CityNews – The Toyota Motor Corporation is rethinking further investment plans in Thailand (of up to 20 billion baht) because of the ceaseless political turmoil in the country’s capital. The Japanese car manufacturers are warning that if the unpopular political situation persists, they will consider reducing their current investment in the country.
The seriousness of this threat is backed up by the numbers: in 2013, Toyota produced around 850,000 cars in Thailand, with 445,000 being sold domestically and 430,000 being exported. The plan is to sell and export a similar amount in 2014, and increase its annual production capacity by 200,000 vehicles over the next four years. The enthusiasim for that plan now seems to be dwindling in the face of Thailand’s unfavourable political climate.
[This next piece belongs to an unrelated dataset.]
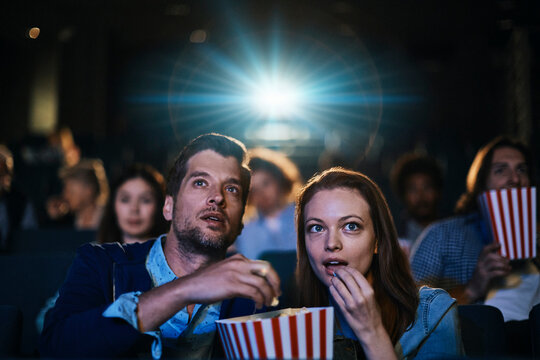 Couple watching movie with popcorn in cinema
Other big motor corporations like Honda, Ford and General Motors all choose to operate in Thailand due to its central location in Southeast Asia, robust supply chain and great tax incentives. Toyota is the largest car manufacturer in the country, with Japanese car makers controlling around 80% of the Thai car market.
The auto-manufacturing industry is Thailand’s third largest industry, accounting for over 10% of annual GDP. With a yearly output of nearly 2.5 million vehicles, Thailand is the largest car manufacturer in Southeast Asia, and the ninth largest in the world.
To further put the alarming message into perspective, Toyota makes 1 in 10 of its cars in Thailand, and about half of all cars made in Thailand are exported overseas.